[Study material]
BEGIN

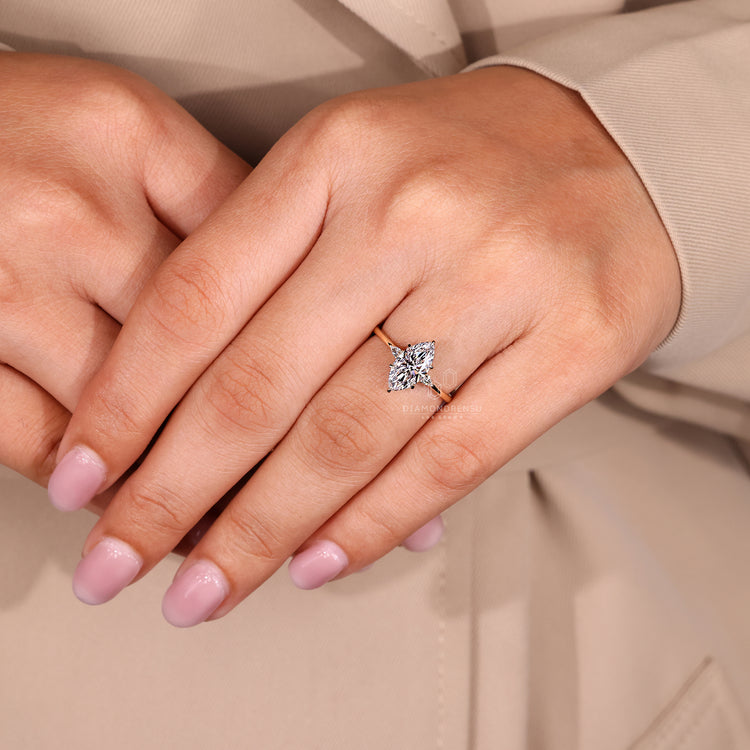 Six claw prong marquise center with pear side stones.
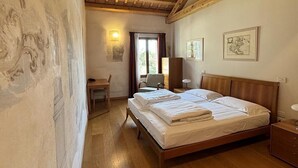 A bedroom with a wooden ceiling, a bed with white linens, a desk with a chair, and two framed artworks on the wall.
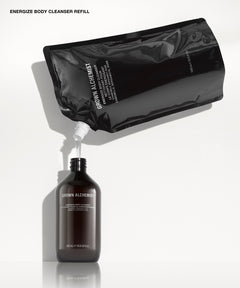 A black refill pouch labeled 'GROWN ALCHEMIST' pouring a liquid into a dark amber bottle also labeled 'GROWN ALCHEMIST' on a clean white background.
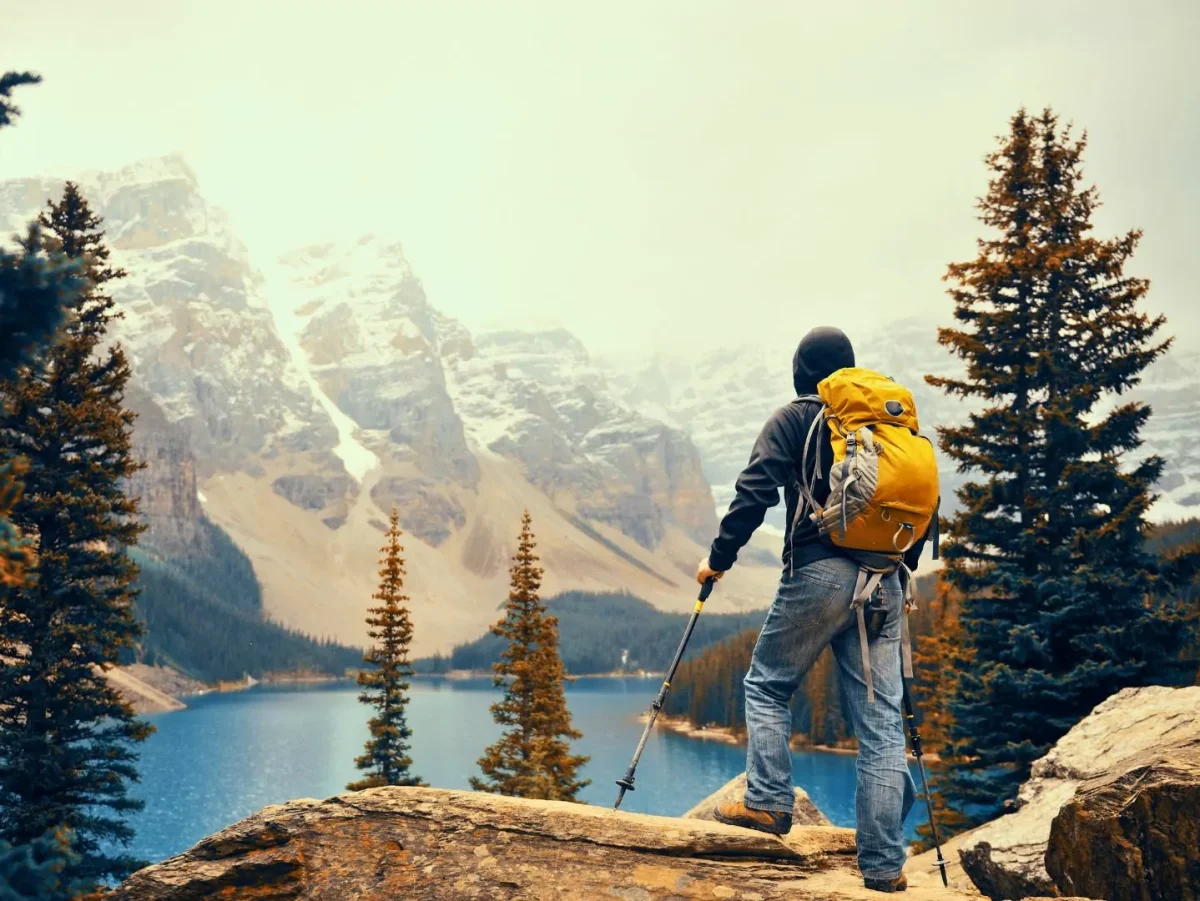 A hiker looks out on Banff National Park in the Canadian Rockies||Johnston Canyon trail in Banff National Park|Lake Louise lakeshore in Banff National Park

END
BEGIN

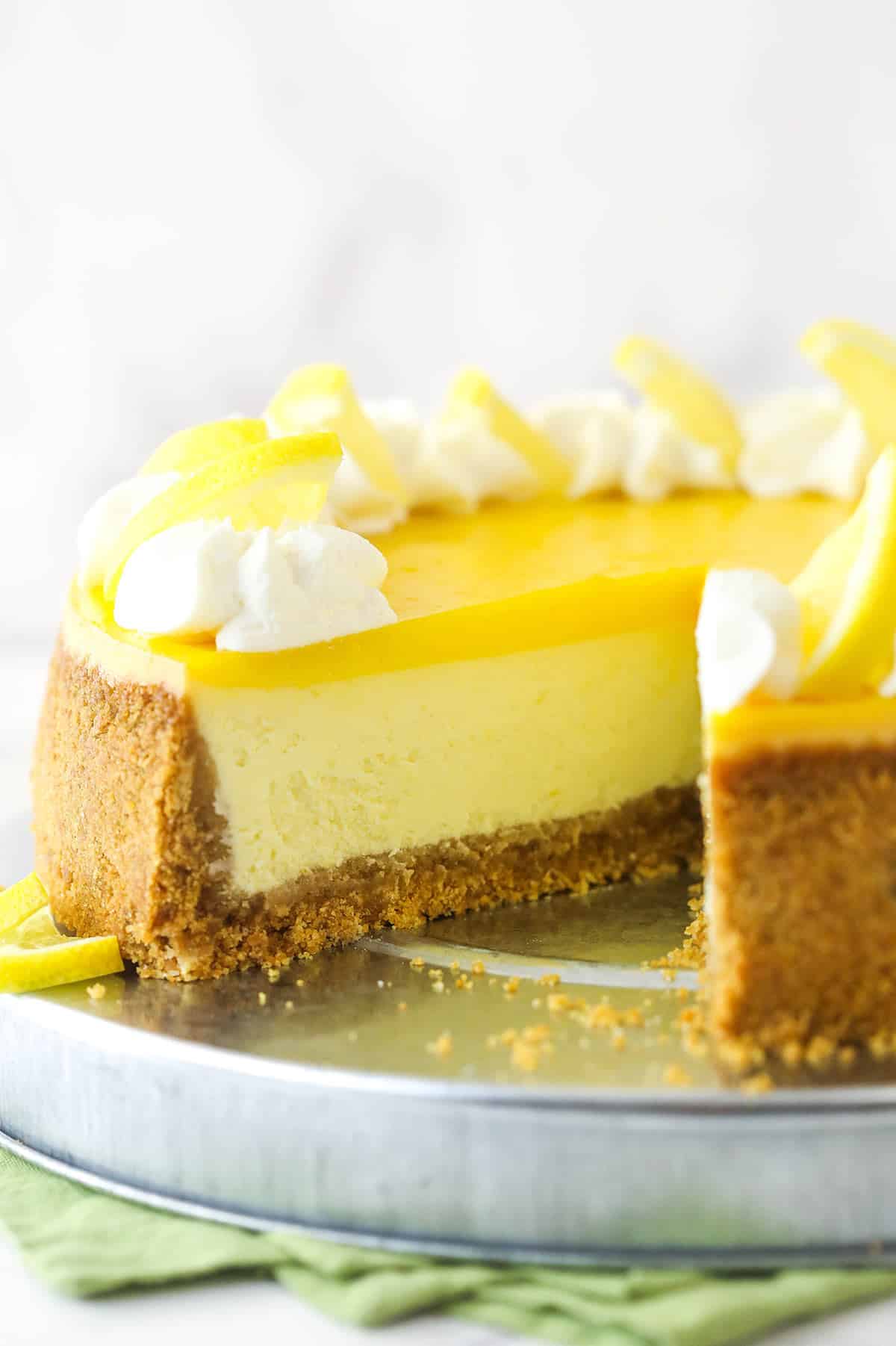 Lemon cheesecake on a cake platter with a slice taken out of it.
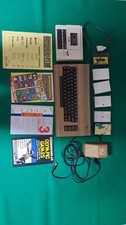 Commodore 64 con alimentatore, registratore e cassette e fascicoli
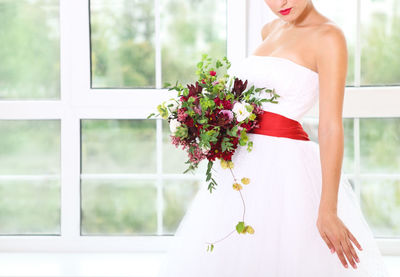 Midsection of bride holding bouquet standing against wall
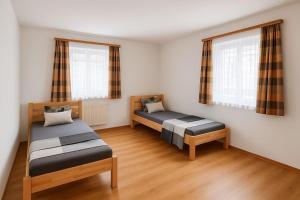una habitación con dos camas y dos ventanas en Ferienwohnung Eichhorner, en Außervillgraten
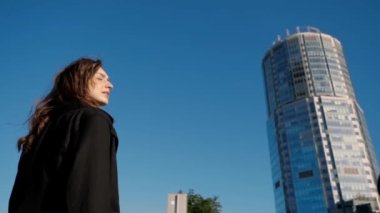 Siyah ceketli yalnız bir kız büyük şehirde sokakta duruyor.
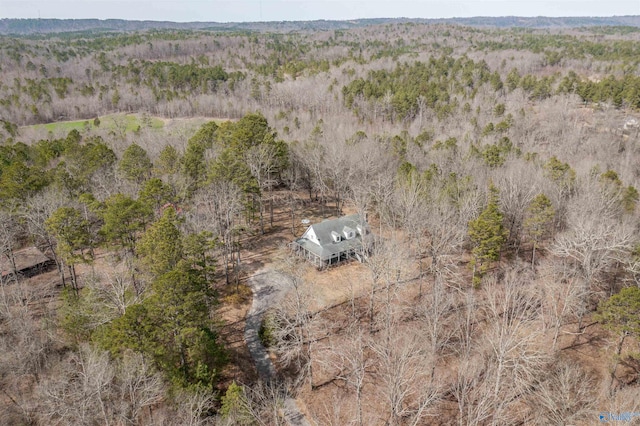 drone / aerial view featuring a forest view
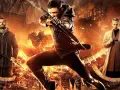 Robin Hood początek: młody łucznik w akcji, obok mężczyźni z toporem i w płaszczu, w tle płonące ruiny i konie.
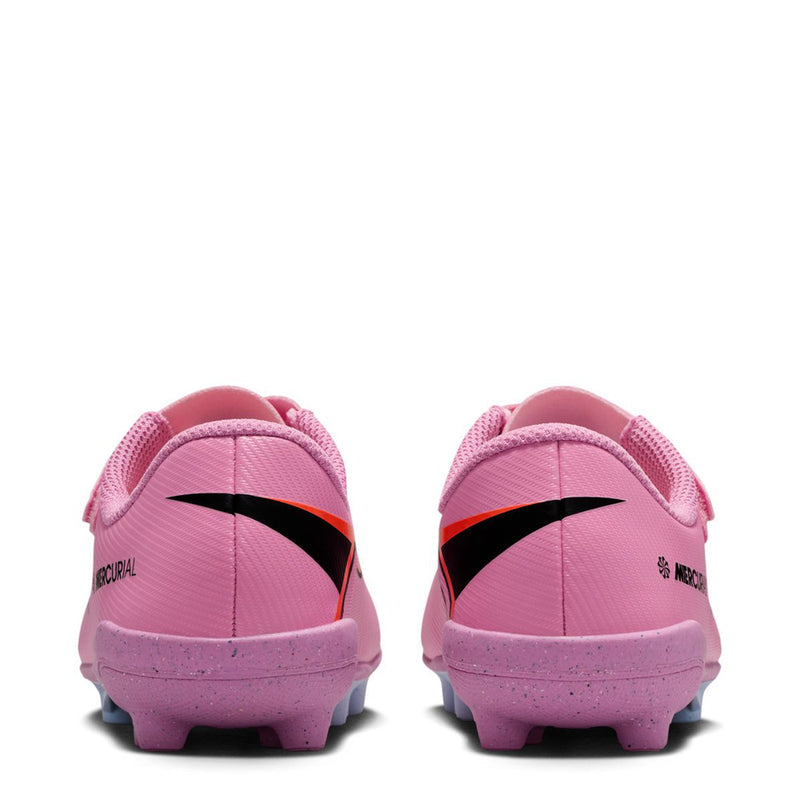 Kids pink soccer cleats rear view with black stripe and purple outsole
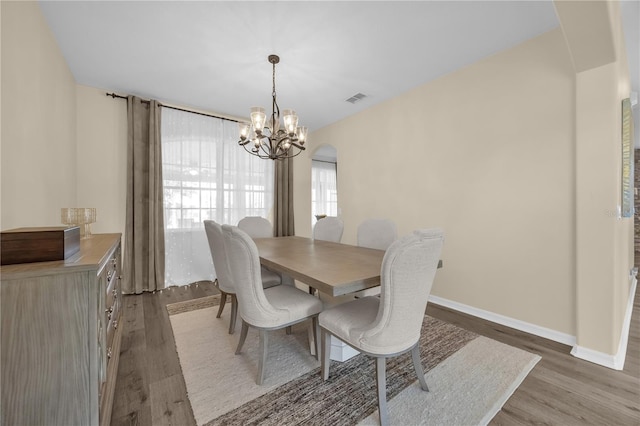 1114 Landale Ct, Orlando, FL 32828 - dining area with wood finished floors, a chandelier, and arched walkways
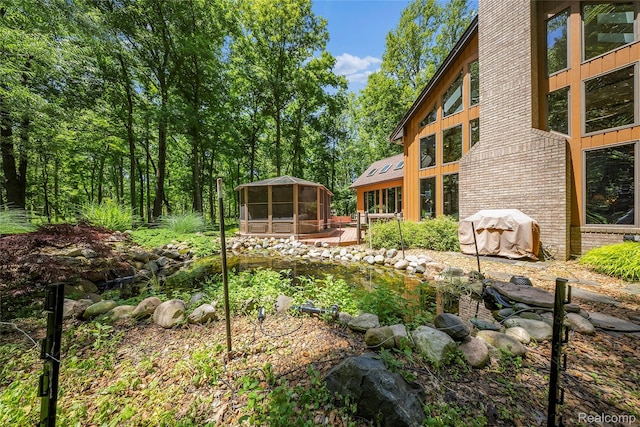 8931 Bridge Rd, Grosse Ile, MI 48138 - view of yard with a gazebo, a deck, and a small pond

END

[Assignment] Output exactly the lines above, from the line with "una habitación con" to the line with "Kids pink soccer", both included; skip the pictures.

[Response to this task]
una habitación con dos camas y dos ventanas en Ferienwohnung Eichhorner, en Außervillgraten
 Siyah ceketli yalnız bir kız büyük şehirde sokakta duruyor.
 drone / aerial view featuring a forest view
 Robin Hood początek: młody łucznik w akcji, obok mężczyźni z toporem i w płaszczu, w tle płonące ruiny i konie.
 Kids pink soccer cleats rear view with black stripe and purple outsole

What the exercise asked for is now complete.